* Task to carry out
Restate the opening lines of the material below word for word, stopping after the line that contains "Harbor Freight Tools".

* Recorded information
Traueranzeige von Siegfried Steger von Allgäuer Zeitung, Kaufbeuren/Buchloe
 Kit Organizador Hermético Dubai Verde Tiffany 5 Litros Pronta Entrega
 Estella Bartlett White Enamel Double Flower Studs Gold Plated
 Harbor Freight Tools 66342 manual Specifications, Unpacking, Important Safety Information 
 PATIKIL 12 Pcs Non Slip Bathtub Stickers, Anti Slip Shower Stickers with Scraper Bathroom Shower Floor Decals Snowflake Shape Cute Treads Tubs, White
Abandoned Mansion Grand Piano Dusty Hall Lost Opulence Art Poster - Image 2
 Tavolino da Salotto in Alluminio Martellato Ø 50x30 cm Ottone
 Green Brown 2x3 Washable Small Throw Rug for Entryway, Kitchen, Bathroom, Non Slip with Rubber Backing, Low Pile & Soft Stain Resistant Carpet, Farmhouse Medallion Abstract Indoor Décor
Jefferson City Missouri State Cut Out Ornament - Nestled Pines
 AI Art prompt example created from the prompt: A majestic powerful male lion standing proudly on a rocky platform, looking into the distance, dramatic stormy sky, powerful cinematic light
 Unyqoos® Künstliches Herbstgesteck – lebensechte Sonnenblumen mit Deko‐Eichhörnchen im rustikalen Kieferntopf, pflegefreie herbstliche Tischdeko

* Response to the exercise
Traueranzeige von Siegfried Steger von Allgäuer Zeitung, Kaufbeuren/Buchloe
 Kit Organizador Hermético Dubai Verde Tiffany 5 Litros Pronta Entrega
 Estella Bartlett White Enamel Double Flower Studs Gold Plated
 Harbor Freight Tools 66342 manual Specifications, Unpacking, Important Safety Information 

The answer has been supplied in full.